Alescia Nicole Knowles-Smith (born September 29, 1983), who goes by the stage name Lisa Knowles-Smith, is an American gospel musician. She started her music career in 1996 with her family group, The Brown Singers. They returned with the release of Experience the Evolution, that was released independently and topped Billboard's Top Gospel Albums Chart. The second album, The Evolution Continues, released in 2014 by One Voice Media. This album would chart on two Billboard charts the Gospel Albums chart, and the Independent Albums chart.

==Early life==
Lisa was born as Alescia Nicole Knowles on September 29, 1983, in Memphis, Tennessee, as Alescia Nicole Knowles.

==Music career==
Knowles-Smith's music career got started in 1996, in a group with her mother, grandmother, and cousins.
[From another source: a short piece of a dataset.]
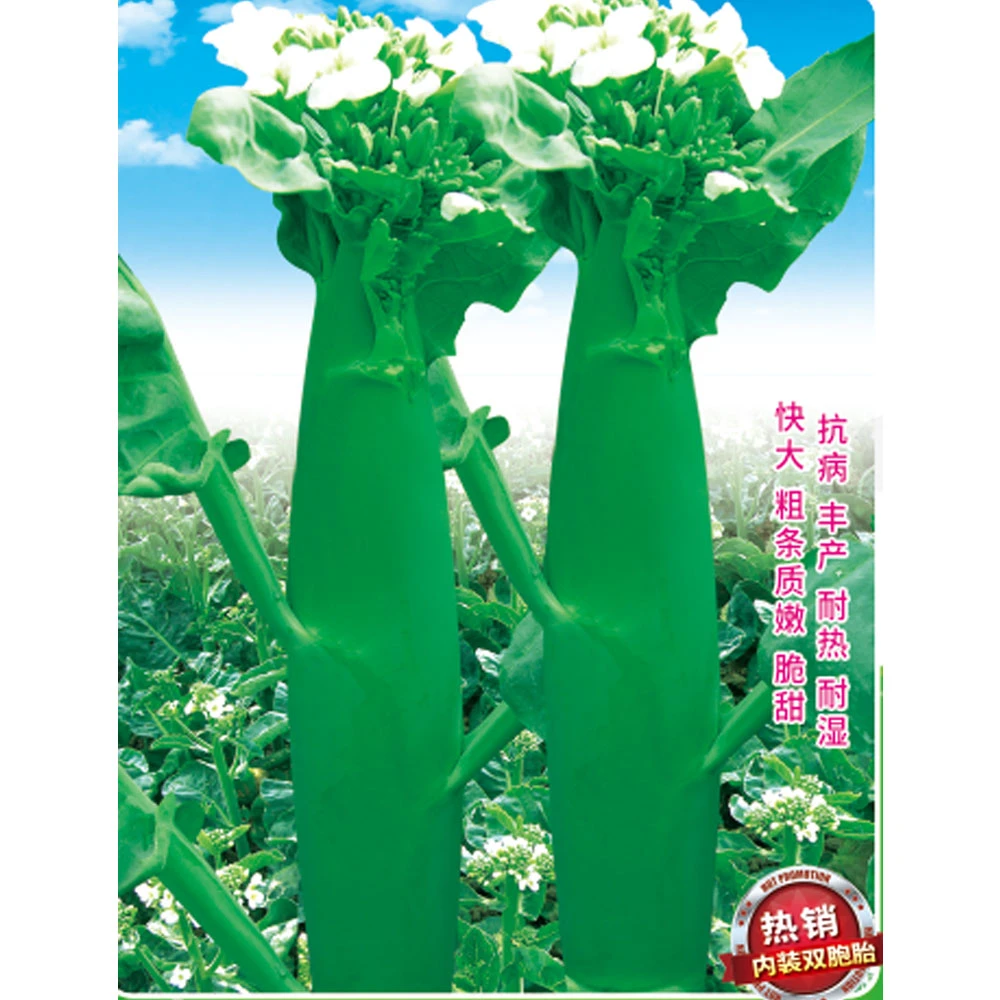 【全店满五元包邮】芥兰种子芥兰菜种籽绿芥蓝种孑四季蔬菜籽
On December 12, 2008, she & the Brown Singers independently released Experience the Evolution: Live in Memphis. This album was the ticket to national success as it gained them critical acclaim. She released her second album, The Evolution Continues, on March 10, 2014, by One Voice Media. This was her breakthrough released on the Billboard charts, and it placed at No. 6 on the Gospel Albums chart along with at No. 40 on the Independent Albums chart. She is nominated at the 30th Stellar Awards in the following categories: Traditional Group/Duo of the Year, Traditional Female Vocalist of the Year, and Quartet of the Year. She wins Traditional Group/Duo of the Year, and Quartet of The Year.

==Personal life==
Knowles-Smith has three children: N'dia Jones (born July 19, 2003), Kaiden Newberry (born March 25, 2010), and Marcus Smith Jr. (born August 16, 2016). She married her husband, Marcus Smith, on August 14, 2015.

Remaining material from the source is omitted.